Records from a dataset:
Start of Block

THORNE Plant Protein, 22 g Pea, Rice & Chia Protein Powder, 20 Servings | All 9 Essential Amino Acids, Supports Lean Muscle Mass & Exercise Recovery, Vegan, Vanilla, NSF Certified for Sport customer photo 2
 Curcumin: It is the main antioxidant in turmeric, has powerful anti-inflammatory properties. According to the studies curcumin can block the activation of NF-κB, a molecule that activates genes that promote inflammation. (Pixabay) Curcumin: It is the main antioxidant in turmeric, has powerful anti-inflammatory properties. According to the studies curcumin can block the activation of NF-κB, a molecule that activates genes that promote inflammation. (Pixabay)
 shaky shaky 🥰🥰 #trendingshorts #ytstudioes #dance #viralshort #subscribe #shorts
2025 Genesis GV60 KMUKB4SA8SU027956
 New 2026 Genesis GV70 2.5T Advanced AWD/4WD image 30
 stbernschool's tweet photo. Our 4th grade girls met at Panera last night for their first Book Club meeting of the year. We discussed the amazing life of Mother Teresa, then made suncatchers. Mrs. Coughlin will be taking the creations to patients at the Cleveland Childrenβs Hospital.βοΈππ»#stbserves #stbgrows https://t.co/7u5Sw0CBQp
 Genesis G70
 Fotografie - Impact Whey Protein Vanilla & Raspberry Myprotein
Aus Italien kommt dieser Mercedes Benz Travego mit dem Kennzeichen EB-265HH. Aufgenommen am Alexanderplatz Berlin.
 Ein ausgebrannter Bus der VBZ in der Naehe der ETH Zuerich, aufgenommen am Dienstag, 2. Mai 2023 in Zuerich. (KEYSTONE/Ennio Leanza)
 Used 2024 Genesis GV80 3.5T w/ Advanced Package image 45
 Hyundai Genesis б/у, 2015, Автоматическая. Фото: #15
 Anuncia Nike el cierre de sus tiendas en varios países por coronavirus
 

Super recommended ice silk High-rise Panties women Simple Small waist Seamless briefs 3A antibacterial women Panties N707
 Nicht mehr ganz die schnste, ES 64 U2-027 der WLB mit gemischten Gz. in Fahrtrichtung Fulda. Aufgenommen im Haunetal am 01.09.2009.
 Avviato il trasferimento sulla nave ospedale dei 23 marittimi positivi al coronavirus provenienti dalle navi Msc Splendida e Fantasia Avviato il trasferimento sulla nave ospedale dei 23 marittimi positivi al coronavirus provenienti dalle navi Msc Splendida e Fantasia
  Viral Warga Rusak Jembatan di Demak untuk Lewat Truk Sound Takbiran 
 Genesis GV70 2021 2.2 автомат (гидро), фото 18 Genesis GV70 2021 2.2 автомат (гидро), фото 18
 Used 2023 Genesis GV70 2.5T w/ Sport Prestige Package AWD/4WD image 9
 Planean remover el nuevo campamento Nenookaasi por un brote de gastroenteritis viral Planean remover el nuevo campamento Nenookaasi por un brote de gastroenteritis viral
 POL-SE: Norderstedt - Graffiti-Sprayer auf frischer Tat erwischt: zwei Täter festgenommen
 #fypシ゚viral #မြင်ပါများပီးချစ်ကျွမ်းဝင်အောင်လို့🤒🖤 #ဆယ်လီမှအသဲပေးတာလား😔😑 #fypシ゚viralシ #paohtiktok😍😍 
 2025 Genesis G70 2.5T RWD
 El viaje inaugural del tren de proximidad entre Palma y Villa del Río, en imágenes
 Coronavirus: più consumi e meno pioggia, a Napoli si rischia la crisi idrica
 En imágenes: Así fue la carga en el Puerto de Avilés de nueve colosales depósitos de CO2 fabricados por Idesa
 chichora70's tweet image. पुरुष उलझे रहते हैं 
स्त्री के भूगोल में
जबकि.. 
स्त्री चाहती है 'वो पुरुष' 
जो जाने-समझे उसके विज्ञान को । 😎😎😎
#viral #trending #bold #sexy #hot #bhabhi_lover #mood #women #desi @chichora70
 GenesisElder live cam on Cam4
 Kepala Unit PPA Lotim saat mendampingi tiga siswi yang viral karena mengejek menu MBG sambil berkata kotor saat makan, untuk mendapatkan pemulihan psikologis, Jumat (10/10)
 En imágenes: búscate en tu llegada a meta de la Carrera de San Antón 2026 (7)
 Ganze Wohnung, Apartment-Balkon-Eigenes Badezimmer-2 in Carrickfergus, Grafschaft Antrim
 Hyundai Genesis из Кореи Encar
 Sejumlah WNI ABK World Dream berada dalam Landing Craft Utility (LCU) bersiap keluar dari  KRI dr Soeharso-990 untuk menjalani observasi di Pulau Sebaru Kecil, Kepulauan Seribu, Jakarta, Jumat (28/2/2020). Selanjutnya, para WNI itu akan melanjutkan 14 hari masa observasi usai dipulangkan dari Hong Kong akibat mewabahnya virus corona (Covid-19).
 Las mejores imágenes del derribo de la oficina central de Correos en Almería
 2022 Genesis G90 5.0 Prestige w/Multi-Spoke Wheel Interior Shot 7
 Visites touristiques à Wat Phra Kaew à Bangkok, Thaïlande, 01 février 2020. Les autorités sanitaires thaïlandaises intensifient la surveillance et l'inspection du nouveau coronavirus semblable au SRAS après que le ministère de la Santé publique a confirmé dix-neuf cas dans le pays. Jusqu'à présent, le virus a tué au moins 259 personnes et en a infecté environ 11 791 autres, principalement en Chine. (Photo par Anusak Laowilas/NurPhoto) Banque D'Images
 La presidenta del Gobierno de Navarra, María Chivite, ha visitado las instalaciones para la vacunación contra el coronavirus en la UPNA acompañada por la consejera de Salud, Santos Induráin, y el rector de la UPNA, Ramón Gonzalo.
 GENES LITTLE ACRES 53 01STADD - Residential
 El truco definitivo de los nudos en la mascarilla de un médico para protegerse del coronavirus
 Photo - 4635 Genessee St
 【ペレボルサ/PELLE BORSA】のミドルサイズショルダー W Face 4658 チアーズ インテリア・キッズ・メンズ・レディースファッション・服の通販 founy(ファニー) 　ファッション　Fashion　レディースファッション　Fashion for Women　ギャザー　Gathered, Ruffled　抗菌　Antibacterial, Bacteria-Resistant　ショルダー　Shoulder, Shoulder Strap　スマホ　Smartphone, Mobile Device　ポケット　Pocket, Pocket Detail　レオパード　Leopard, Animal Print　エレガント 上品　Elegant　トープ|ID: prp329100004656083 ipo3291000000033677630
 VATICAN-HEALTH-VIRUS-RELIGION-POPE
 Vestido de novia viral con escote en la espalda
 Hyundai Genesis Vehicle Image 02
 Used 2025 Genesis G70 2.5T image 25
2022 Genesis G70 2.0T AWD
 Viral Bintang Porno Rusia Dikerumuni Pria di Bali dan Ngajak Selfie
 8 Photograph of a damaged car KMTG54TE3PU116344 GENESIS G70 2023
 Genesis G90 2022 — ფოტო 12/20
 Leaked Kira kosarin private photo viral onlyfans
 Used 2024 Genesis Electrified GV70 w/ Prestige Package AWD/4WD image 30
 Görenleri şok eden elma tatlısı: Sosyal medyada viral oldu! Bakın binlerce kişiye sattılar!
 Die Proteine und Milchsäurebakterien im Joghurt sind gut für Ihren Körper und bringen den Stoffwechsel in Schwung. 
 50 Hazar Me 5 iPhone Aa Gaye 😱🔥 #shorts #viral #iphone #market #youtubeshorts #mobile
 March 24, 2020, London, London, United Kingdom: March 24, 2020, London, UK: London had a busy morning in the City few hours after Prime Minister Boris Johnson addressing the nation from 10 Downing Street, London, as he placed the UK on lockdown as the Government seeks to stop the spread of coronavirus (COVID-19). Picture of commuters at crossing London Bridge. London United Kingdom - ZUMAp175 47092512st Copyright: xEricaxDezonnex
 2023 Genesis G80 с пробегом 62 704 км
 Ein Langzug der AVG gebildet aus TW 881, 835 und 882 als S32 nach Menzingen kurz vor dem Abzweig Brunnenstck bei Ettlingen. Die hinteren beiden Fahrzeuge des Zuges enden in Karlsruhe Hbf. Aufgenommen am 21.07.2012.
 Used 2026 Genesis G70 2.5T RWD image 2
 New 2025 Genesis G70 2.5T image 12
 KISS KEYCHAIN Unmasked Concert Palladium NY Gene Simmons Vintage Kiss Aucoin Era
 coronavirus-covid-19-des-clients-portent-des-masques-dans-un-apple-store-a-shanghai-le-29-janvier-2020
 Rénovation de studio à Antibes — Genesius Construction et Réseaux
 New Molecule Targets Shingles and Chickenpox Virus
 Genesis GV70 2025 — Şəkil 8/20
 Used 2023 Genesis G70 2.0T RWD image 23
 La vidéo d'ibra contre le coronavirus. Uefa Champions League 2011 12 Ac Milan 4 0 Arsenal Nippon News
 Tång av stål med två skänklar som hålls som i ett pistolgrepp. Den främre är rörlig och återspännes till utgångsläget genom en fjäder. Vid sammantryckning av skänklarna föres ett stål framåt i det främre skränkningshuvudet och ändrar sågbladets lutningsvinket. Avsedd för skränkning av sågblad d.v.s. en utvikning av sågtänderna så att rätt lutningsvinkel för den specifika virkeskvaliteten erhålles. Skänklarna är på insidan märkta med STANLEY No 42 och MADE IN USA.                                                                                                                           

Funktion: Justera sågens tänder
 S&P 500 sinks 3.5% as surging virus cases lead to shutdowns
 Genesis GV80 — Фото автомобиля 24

End of Block

* Exercise brief *
Only the lines above starting at the one containing "Die Proteine und" and ending at the one containing "50 Hazar Me", both included, are to be returned, exactly as they read.

* Answer to the exercise *
 Die Proteine und Milchsäurebakterien im Joghurt sind gut für Ihren Körper und bringen den Stoffwechsel in Schwung. 
 50 Hazar Me 5 iPhone Aa Gaye 😱🔥 #shorts #viral #iphone #market #youtubeshorts #mobile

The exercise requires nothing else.